## Line Chart: RewardBench Performance vs. Thinking Budget
### Overview
The chart illustrates the relationship between "Thinking budget (tokens)" and "RewardBench (%)" for three model sizes (32B, 14B, 7B). It shows how performance improves as the thinking budget increases, with distinct trends for each model size.
### Components/Axes
- **X-axis**: Thinking budget (tokens) in scientific notation (1e3, 2e3, 4e3, 8e3).
- **Y-axis**: RewardBench (%) ranging from 75% to 90%.
- **Legend**: Located in the bottom-right corner, mapping colors to model sizes:
- Blue (circle markers): 32B
- Orange (triangle markers): 14B
- Green (square markers): 7B
### Detailed Analysis
1. **32B Model (Blue Line)**:
- Data points: 85% (1e3), 89% (2e3), 90% (4e3), 90% (8e3).
- Trend: Steady upward slope, plateauing near 90% after 4e3 tokens.
2. **14B Model (Orange Line)**:
- Data points: 83% (1e3), 89% (2e3), 89.5% (4e3), 89.8% (8e3).
- Trend: Sharp initial increase, then gradual flattening.
3. **7B Model (Green Line)**:
- Data points: 75% (1e3), 81% (2e3), 82% (4e3), 82.5% (8e3).
- Trend: Steep early growth, followed by minimal improvement.
### Key Observations
- The 32B model consistently outperforms others across all token budgets.
- The 7B model shows the largest relative improvement (from 75% to 82.5%) but remains below the 14B and 32B models.
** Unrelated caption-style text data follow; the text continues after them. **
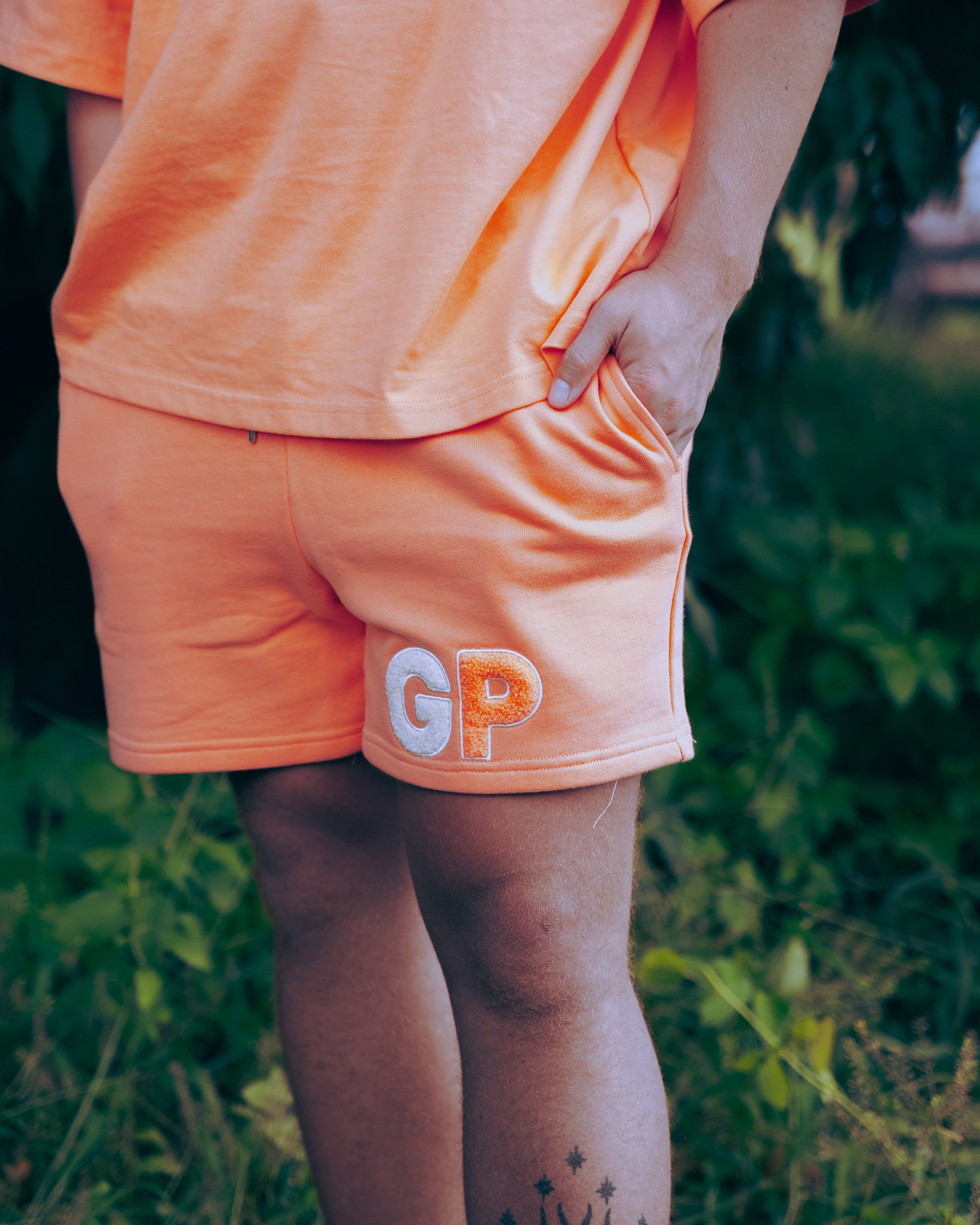 Person wearing Peach shorts with 'GP' logo outdoors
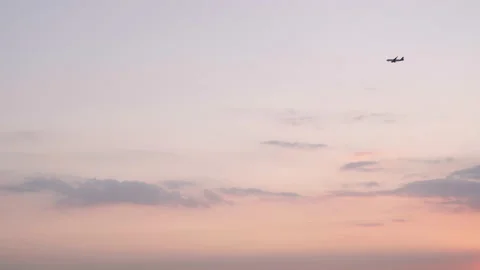 Sunset with clouds, orange sky, and an airplane passing by Vídeo Stock 143909103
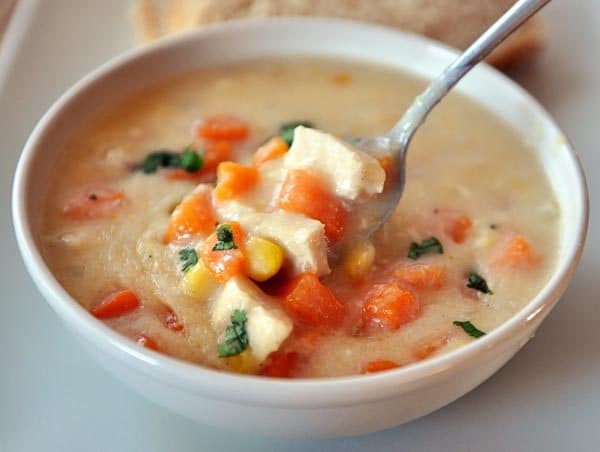 a white bowl of chowder with chicken chunks, sweet potato, and a spoon in it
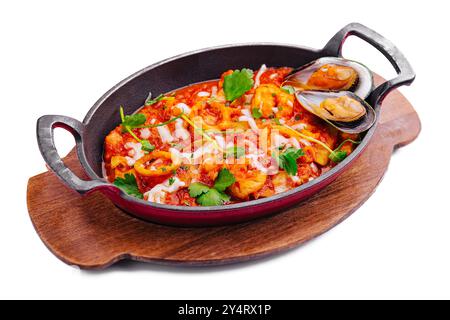 Appetitliche Meeresfrüchte-Mischung mit Kräutern in einer gusseisernen Pfanne auf einem Holzbrett isoliert auf weiß Stockfoto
- All models exhibit diminishing returns as the token budget increases beyond 4e3.
### Interpretation
The data suggests that larger models (e.g., 32B) achieve higher RewardBench scores with greater computational resources (tokens). The 7B model demonstrates significant efficiency gains at lower budgets but cannot match the performance of larger models even with increased resources. This highlights a trade-off between model size and scalability, where bigger models leverage additional tokens more effectively. The plateauing trends at higher token budgets imply diminishing marginal returns for all models beyond a certain point.